Francisco dio origen en la Iglesia a tres órdenes religiosas. La primera orden, la rama masculina, está formada por los frailes menores o franciscanos. En 1212 Clara, inspirada por Francisco, fundó la segunda orden, la rama femenina: las hermanas pobres o clarisas. Más adelante, en 1221, Francisco pidió al Papa también la aprobación de la tercera Orden, formada por laicos, que dan testimonio en la sociedad del ideal franciscano a través de la vida familiar, el trabajo, el compromiso apostólico y solidario.

El amor a Cristo

En el mes de septiembre de 1224 el cielo se abrió sobre el monte de Alverna y Cristo crucificado, en forma de ángel, descendió e imprimió sobre el cuerpo de Francisco los estigmas de la pasión. Así llegó a ser uno con Cristo crucificado llevando las llagas sobre los pies, las manos y el costado: un don que expresa su íntima identificación con Jesús, a quien tanto amó y a quien invitaba a amar, porque como solía repetir entre lágrimas: “El Amor no es amado”. Se ha dicho que Francisco representa un alter Christus: era verdaderamente un icono o imagen viva de Cristo.

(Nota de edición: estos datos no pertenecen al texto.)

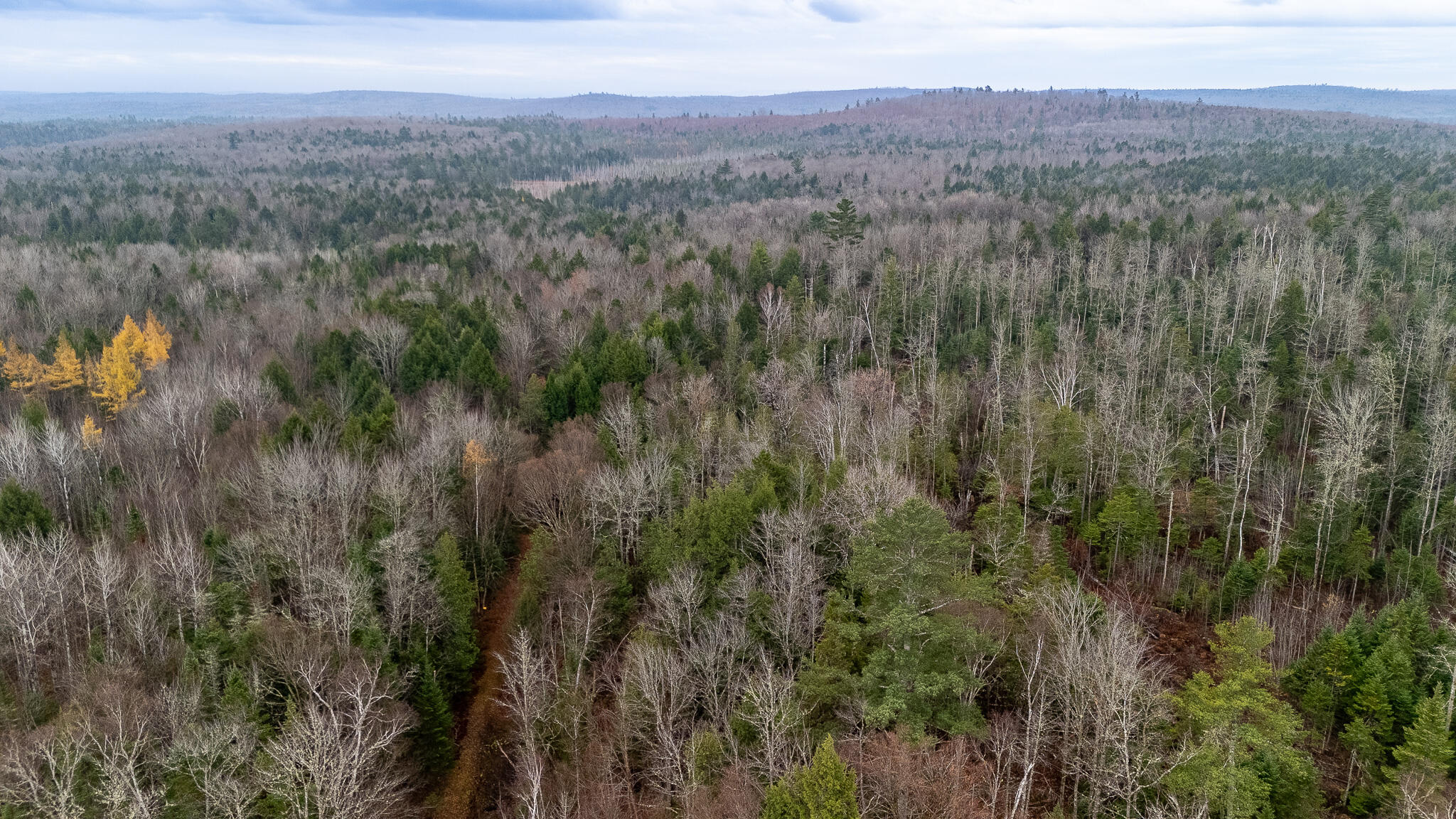 865 Barnard Road Brownville, ME 04414 - Photo 59 of 68 DJI_20241101110121_0335_D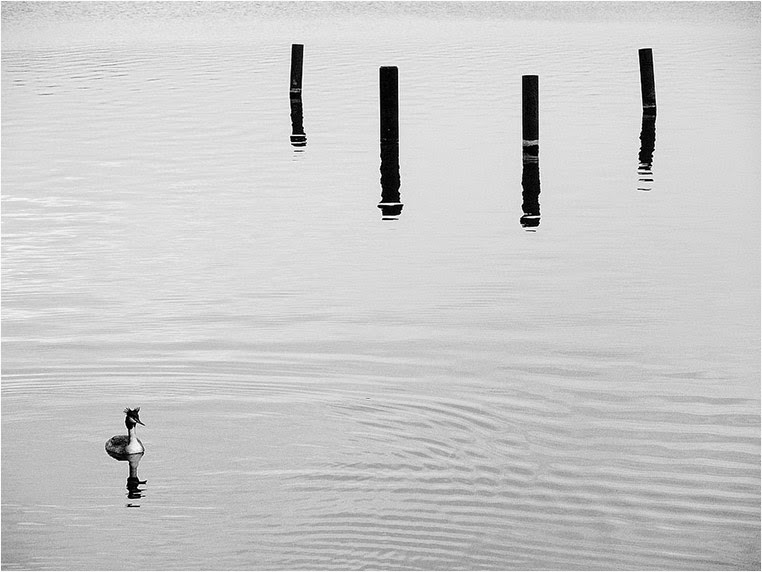 emerging photographers, Best Photo of the Day in Emphoka by Georg Hörmann, https://flic.kr/p/rsYrUo emerging photographers, Best Photo of the Day in Emphoka by Georg Hörmann, https://flic.kr/p/rsYrUo
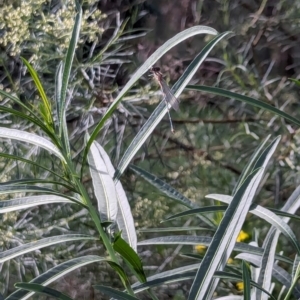 Austrolestes leda at Watson Green Space - 26 Jan 2024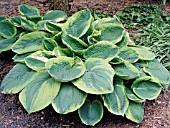 HOSTA CHRISTMAS TREE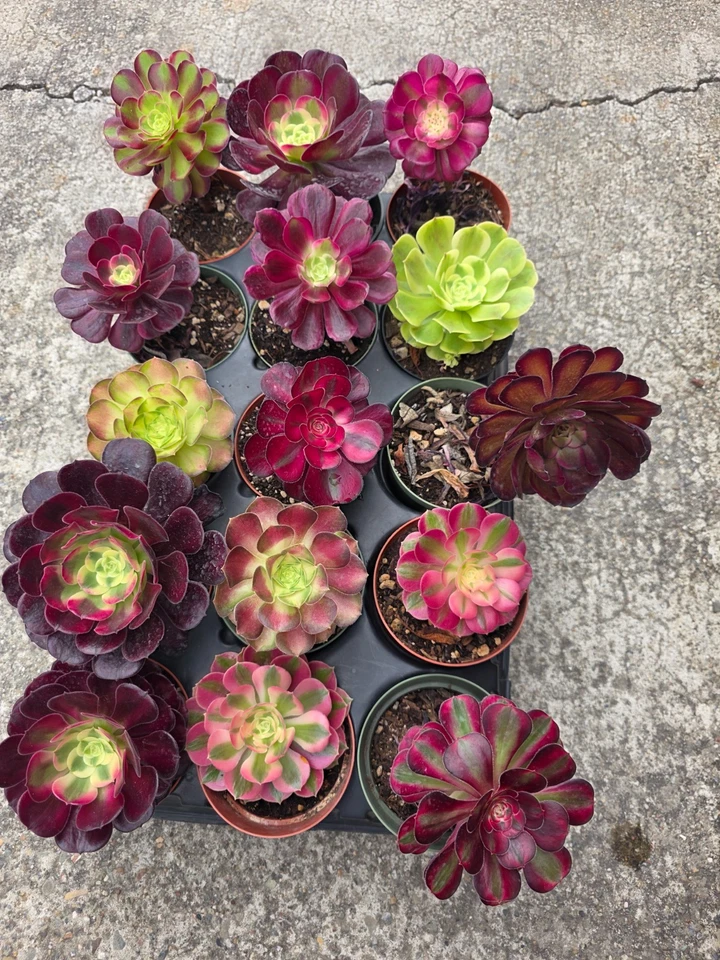1 tray 15 pots 4inch mixed imported aeonium. - Image 2 of 4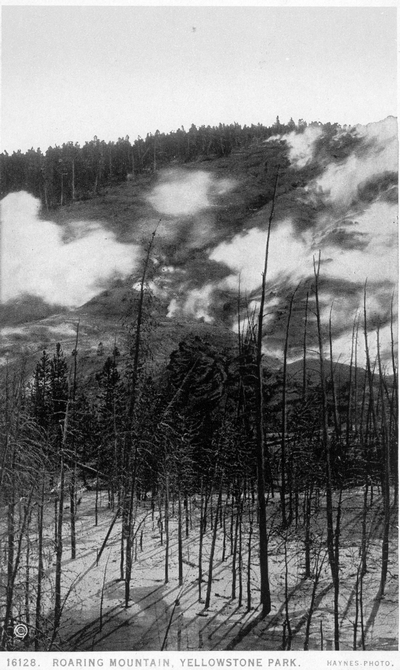 Roaring Mountain, Yellowstone Park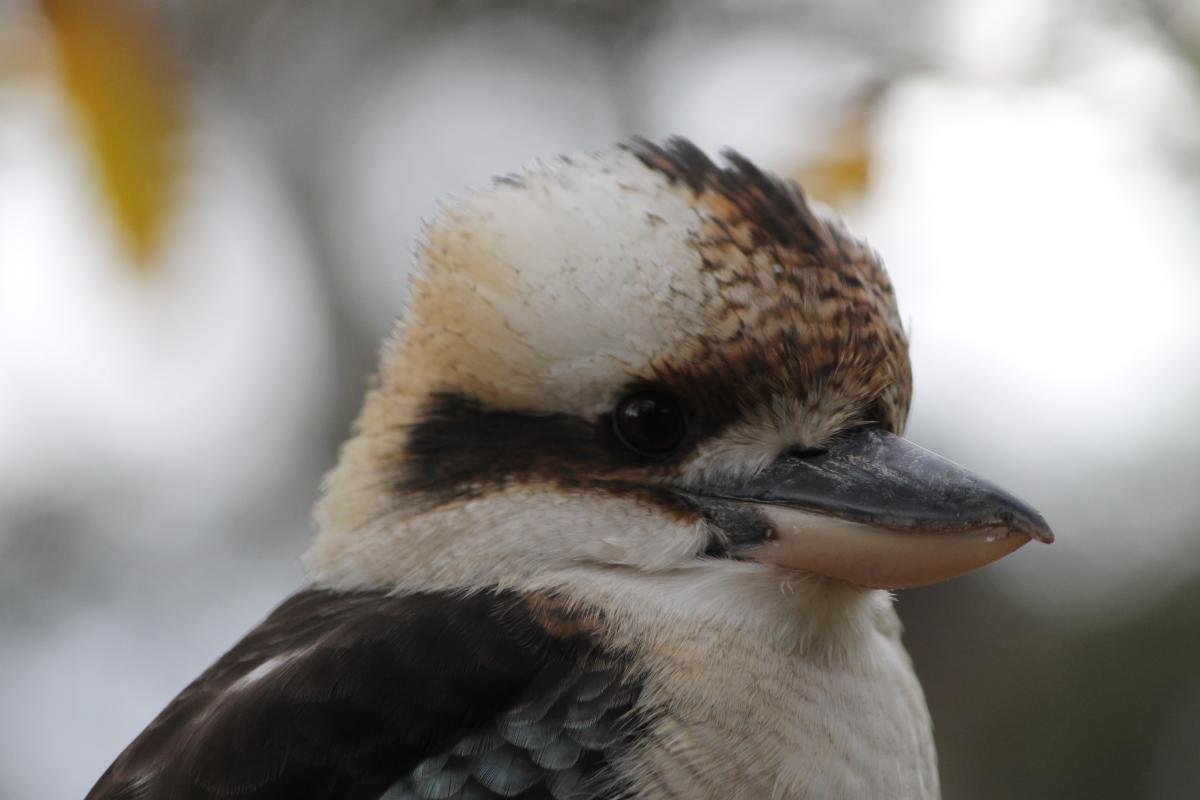 Laughing Kookaburra (Dacelo novaeguineae)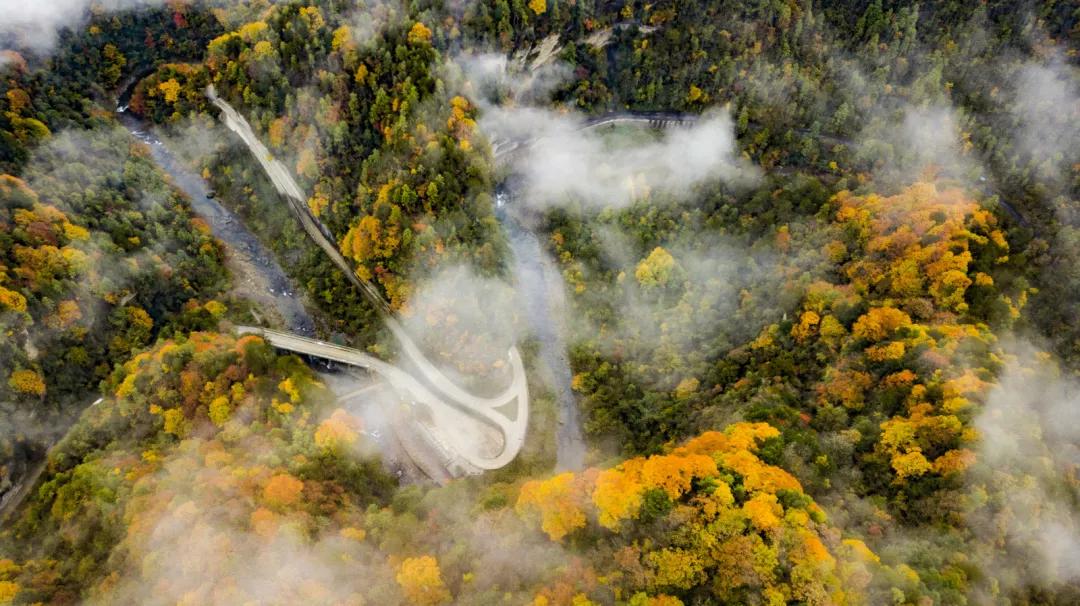 陕西汉中黎坪红叶,汉中黎坪红叶免费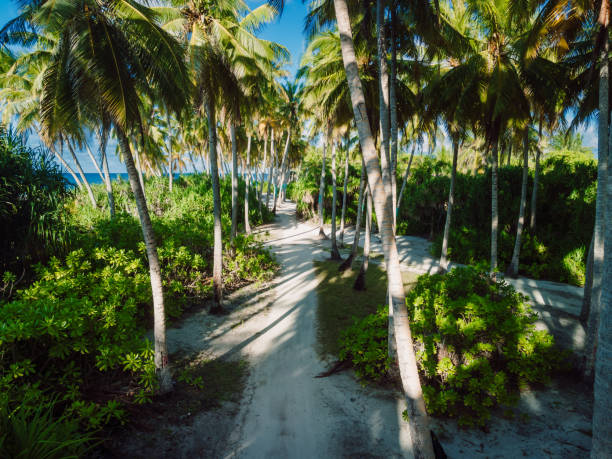 Drone view among coconut palm trees with pathway at holiday tropical island.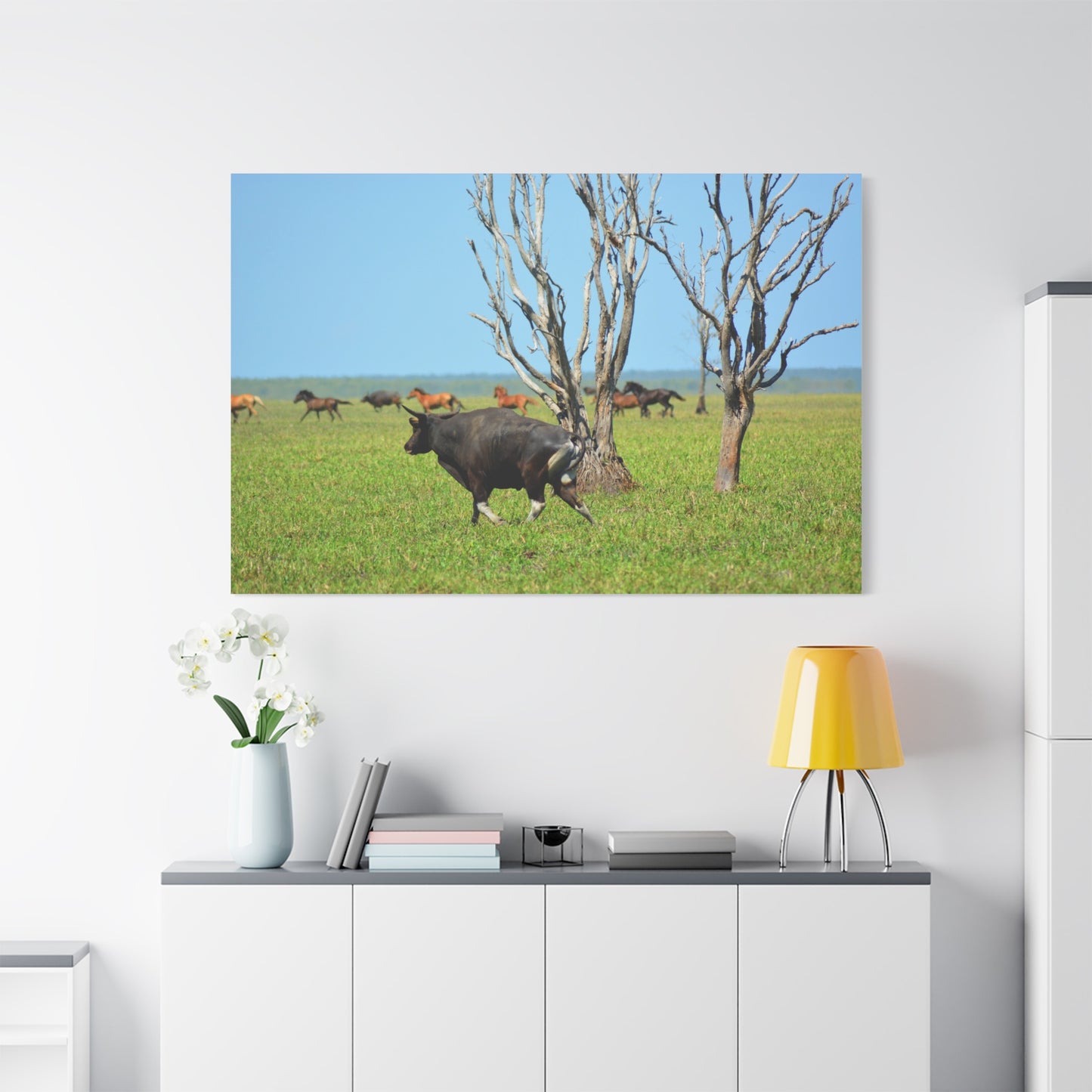 Australia Banteng - Canvas Print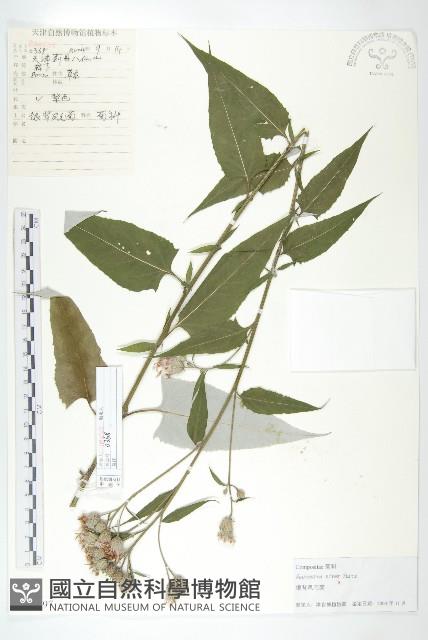 銀背風毛菊藏品圖，第1張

La muerte de Francisco aconteció la tarde del 3 de octubre de 1226, junto a su querida iglesia de Santa María de la Porciúncula. Murió extendido sobre la tierra desnuda. Dos años más tarde el Papa Gregorio IX lo inscribió en el libro de los santos. Poco tiempo después, en Asís se construyó una gran Basílica en su honor, meta de numerosos peregrinos. Como ha dicho el Papa Benedicto XVI, recordando el testimonio de san Francisco comprendemos que el secreto de la verdadera felicidad es precisamente llegar a ser santos, amigos de Dios.